Профессор и зачарованные студенты, видимо, не задумываются над тем, что процент подлости одинаков у того, кто мечом покоряет чужую землю, и у того, кто обманом отбирает ее. За стеклянные бусы, к примеру. Процент одинаков! У того и у другого. Тот и другой были в Конго.

…Мы спускаемся в город. Несмотря на свои грома дины, он тихий, молчаливый, сдержанный. Может быть, оттого, что слишком многое видел и пережил.

За землю, где он стоит, спорили Бельгия и Франция. «Наша!» — утверждал Париж и подсовывал Брюсселю копию договора своего эмиссара Браззы с королем Макоко, отдавшего под французский флаг территорию левого и правого берега Конго, где жили его племена. Но бельгийский монарх упирался. Разведка добыла документ, который утверждал, что «Макоко не может претендовать на левобережные земли, что там он просто-напросто номинальный вождь, хотя и имеет какое-то духовное влияние. Но ведь больше ничего. Так что, позвольте…» Французы «позволили», и бельгийские конкуренты, не скрывая радости, опустили в свой карман «ключ» к Конго, получивший название Леопольдвиль.

… Мы идем по окраинам города. Вот огромный базар, здесь можно увидеть многое: и засушенные рыбы с выскочившими глазами, и вяленое мясо обезьян, и детские кроватки, и куски мыла. Между рядами ползет калека. Где-то рядом жарят мясо. Молодой парень продает огромную черепаху и приговаривает: «Мясо в суп, панцирь на гребешки. Мясо в суп, панцирь…» Смрад. Он кончается, когда нога ступает на асфальт улицы, ведущей к центру. Здесь совсем другой климат. Благодать и умиротворенность. Но вот взгляд падает на выщербленные стены — это следы перестрелок. Кое-где разбиты витрины. Все это память о днях, когда от этого самого базара, с городских окраин, с фабрик и верфи к европейскому центру двигались конголезцы. Их вела вековая ненависть к господам из Брюсселя. Часто она так туманила мозг, что люди подчиняли свои действия чувствам, а не разуму. И тогда летели камни… И тогда западные репортеры, повинуясь приказу свыше, подводили свои корреспонденции под рубрику «Разгул черного расизма». Конечно, в Африке есть люди, которые заражены предрассудками. Это реакция на европейский расизм. И все-таки их меньшинство.
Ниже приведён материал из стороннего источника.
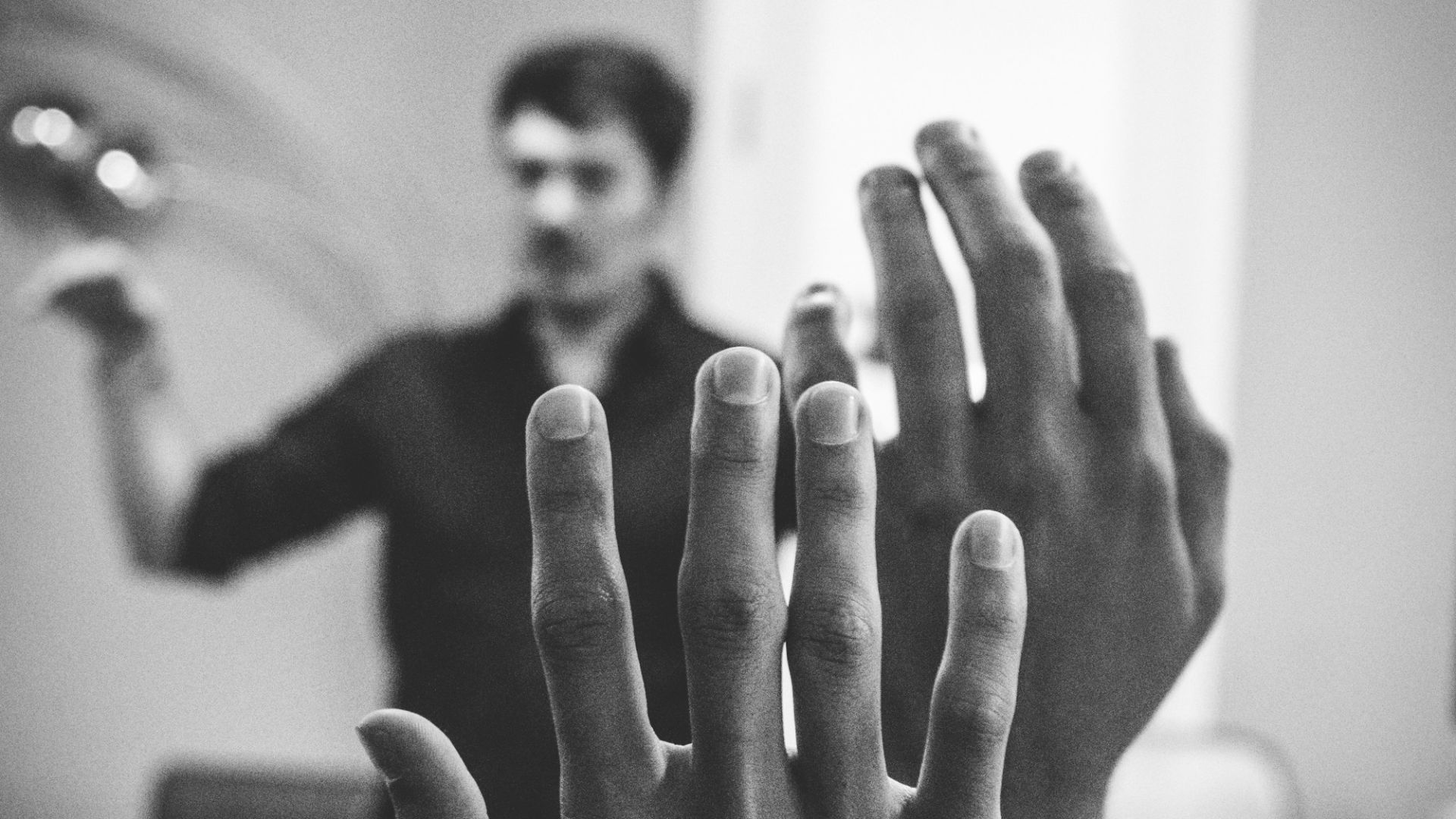 grayscale photography of two people raising their hands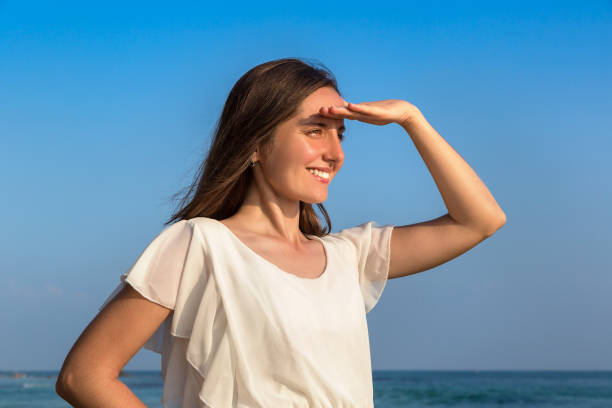 istock Woman on a tropical beach 1346440828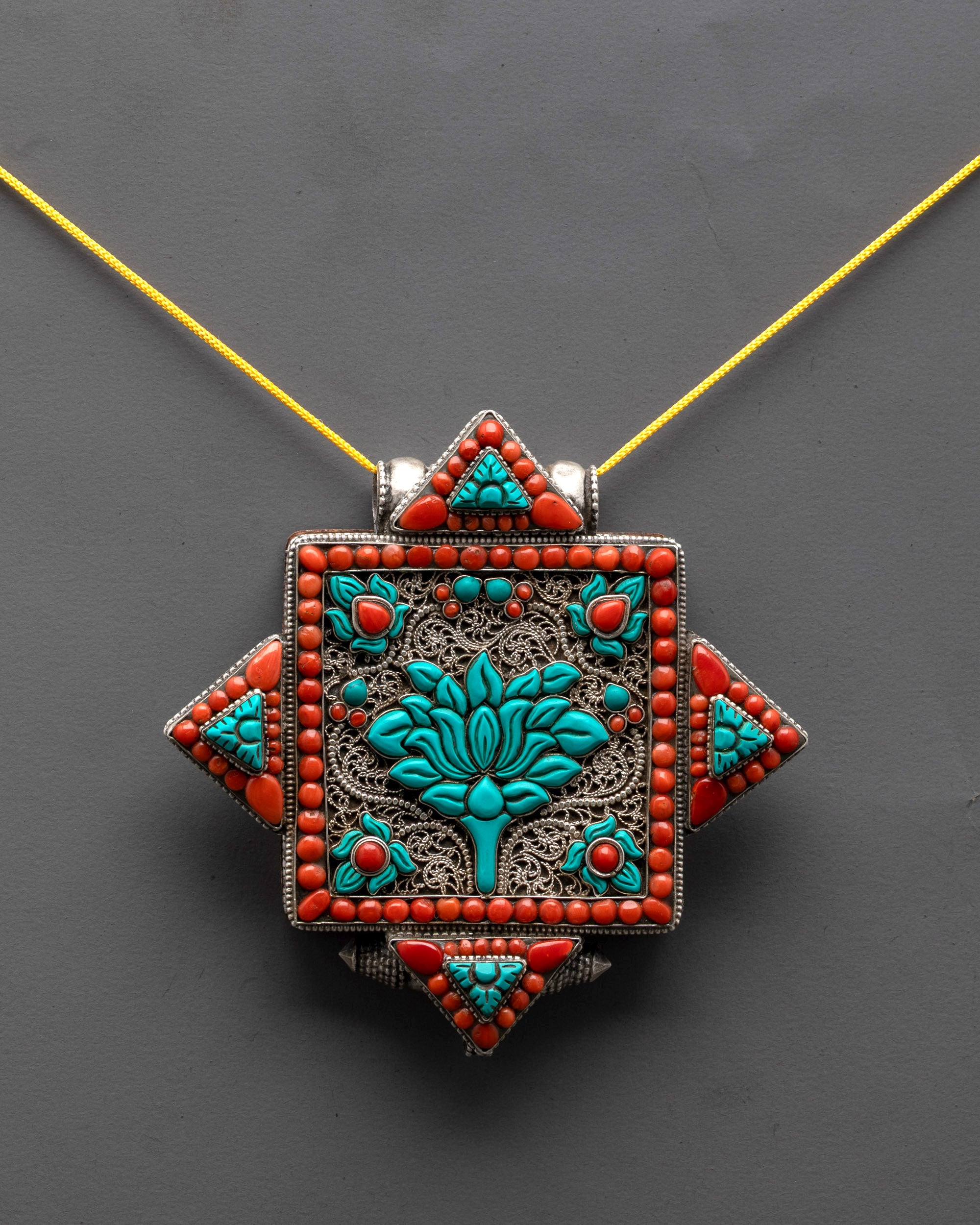 front view Tibetan lotus locket with coral and turquoise stones in silver filigree design
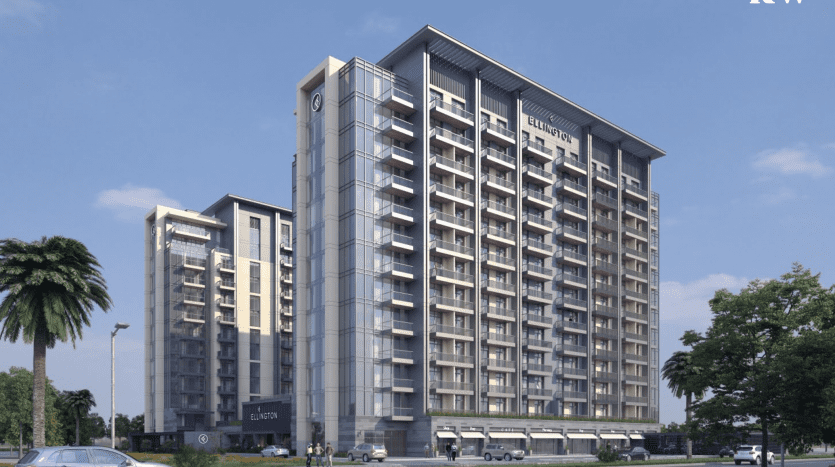 Rendu numérique d'un complexe résidentiel moderne à Kensington avec plusieurs immeubles de grande hauteur, un environnement paysager et un ciel dégagé. L'extérieur dispose de balcons et de grandes fenêtres. Logos présents sur le bâtiment.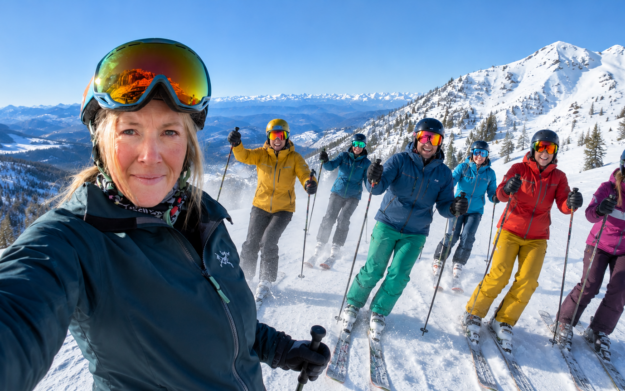 Katy Ellis leading a group of skiers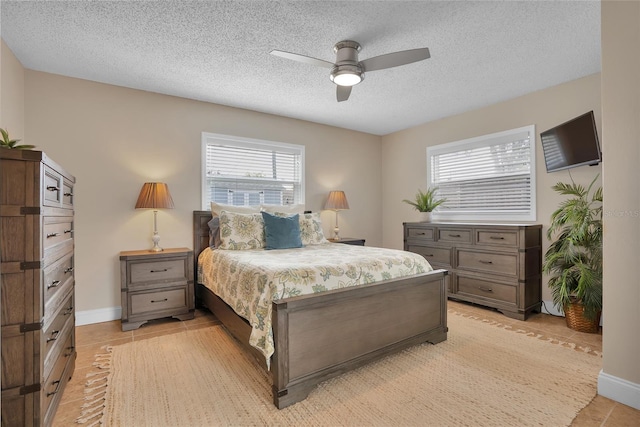 bedroom with light tile patterned floors, a textured ceiling, and ceiling fan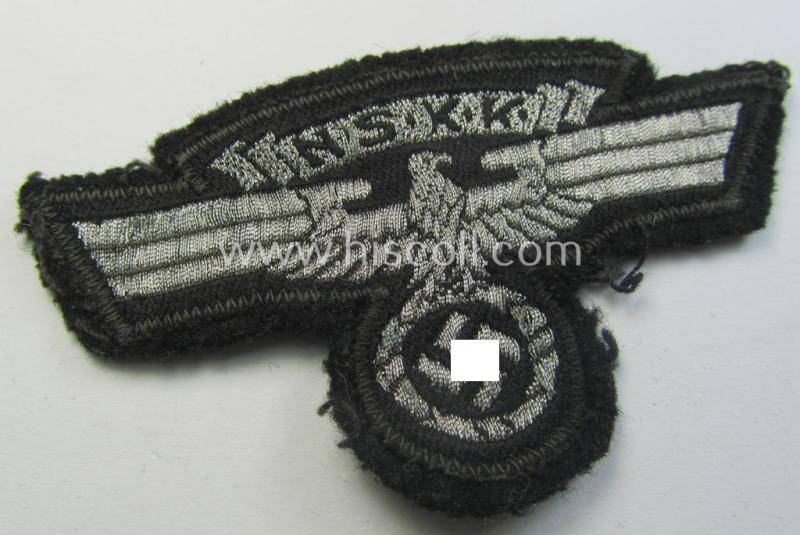 Attractive, so-called: N.S.K.K. (ie. 'National Socialistisches Kraftfahr Korps') arm-eagle as executed in so-called: flatwire, 'BeVo'-weave pattern and comes mounted onto a black-coloured background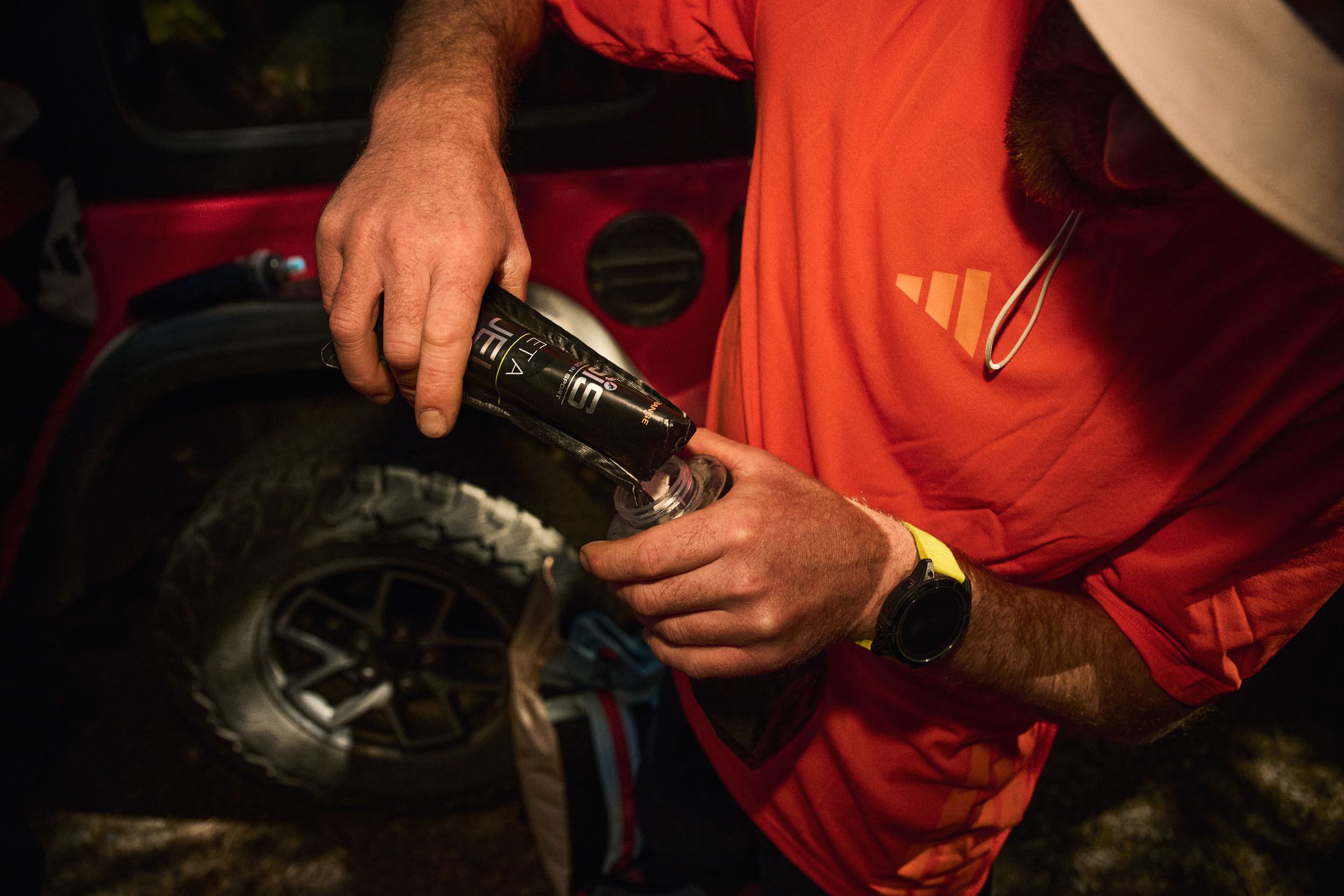 Crew member decants race nutrition into a soft flask beside the support vehicle.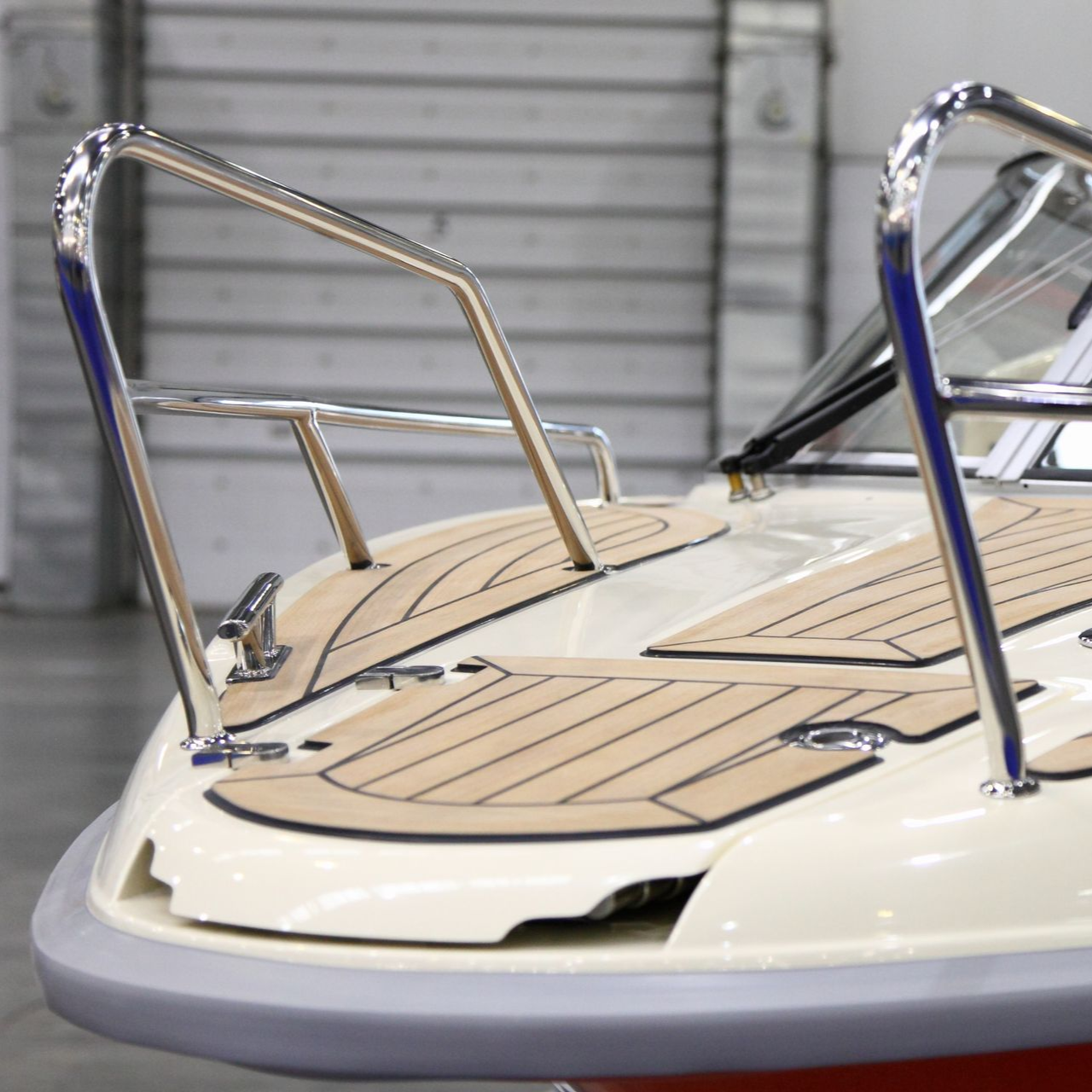 Poupe du bateau avec rambardes en acier inoxydable, pont beige et pare-chocs gris.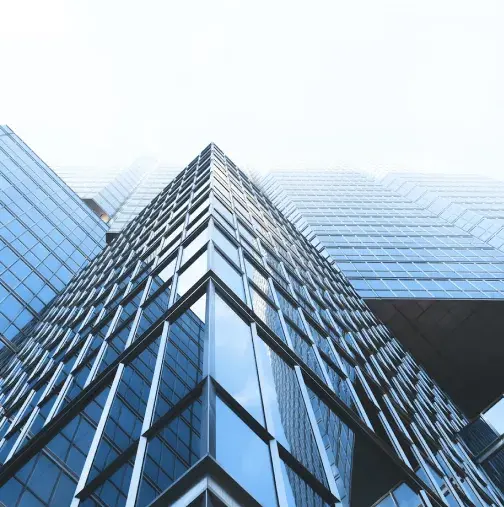 Modern glass office building viewed from below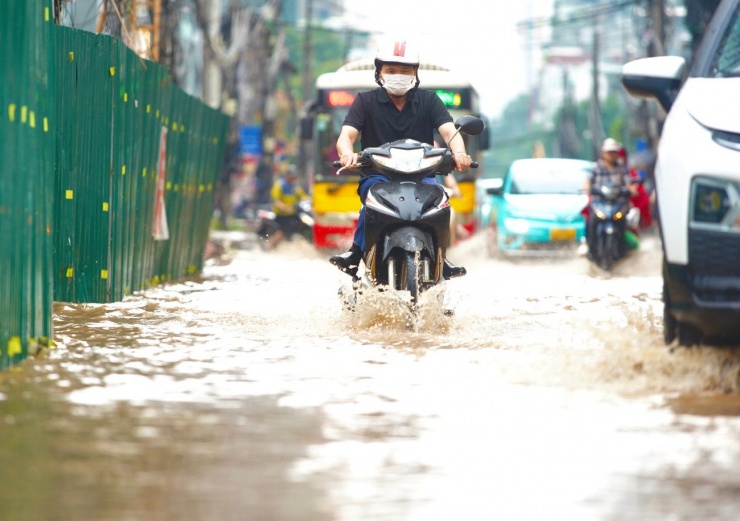 Người điều khiển xe máy co chân băng qua phố ngập nước.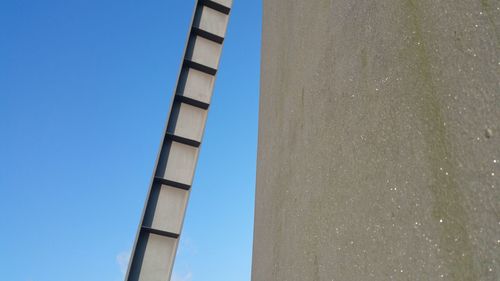 Low angle view of built structure against blue sky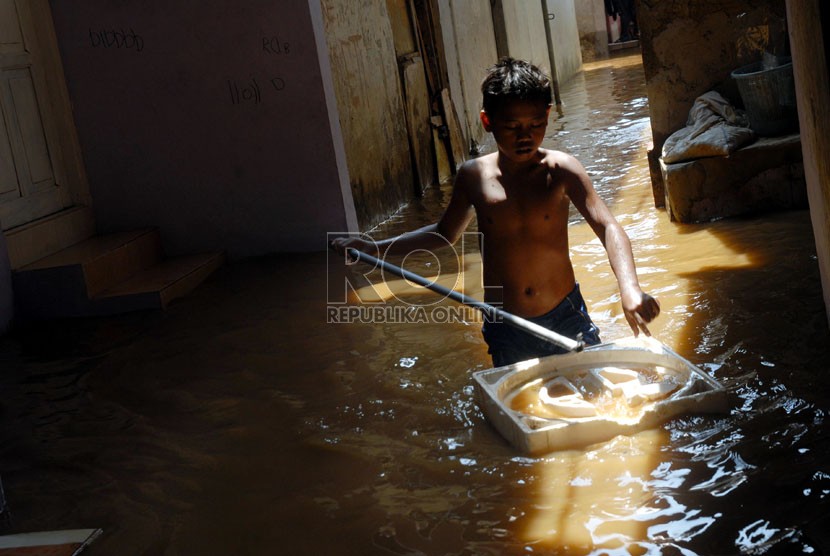  Warga melintasi banjir yang menggenangi kawasan Kampung Melayu Kecil 1, Poncol, Bukit Duri, Jakarta Selatan,Senin (22/10).   (Agung Fatma Putra)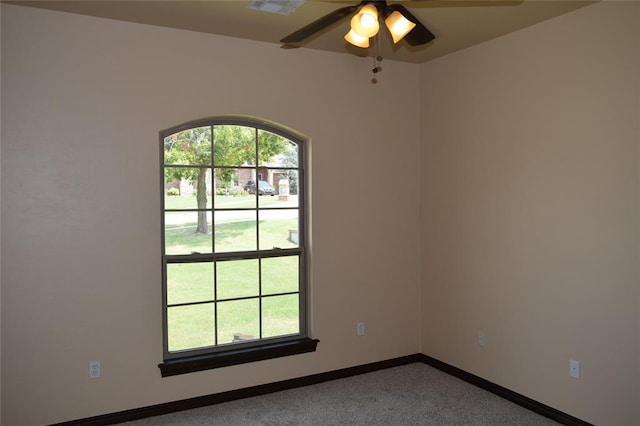 unfurnished room featuring carpet floors and ceiling fan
Я встретил в Киншасе знакомого, который действительно побывал «под камнями». В один из бурных дней он ехал по центральной улице. Вдруг толпа перегородила дорогу, окружила автомашину. Камень полетел в боковое стекло и разбил его вдребезги. Кто-то уже бежал с факелом. Мой знакомый открыл дверцу. Вышел. Назвал свою страну, добавив: «Это социалистическая страна». Люди стали успокаиваться. Кто-то что-то говорил друг другу. Прошло минут десять. Факел догорел. От толпы отделился пожилой мужчина. Он сказал: «Вы, конечно, нас извините, вот вам двое сопровождающих. Теперь вас никто не тронет».

Такой бывает Киншаса. Но чаще доброй, чем злой.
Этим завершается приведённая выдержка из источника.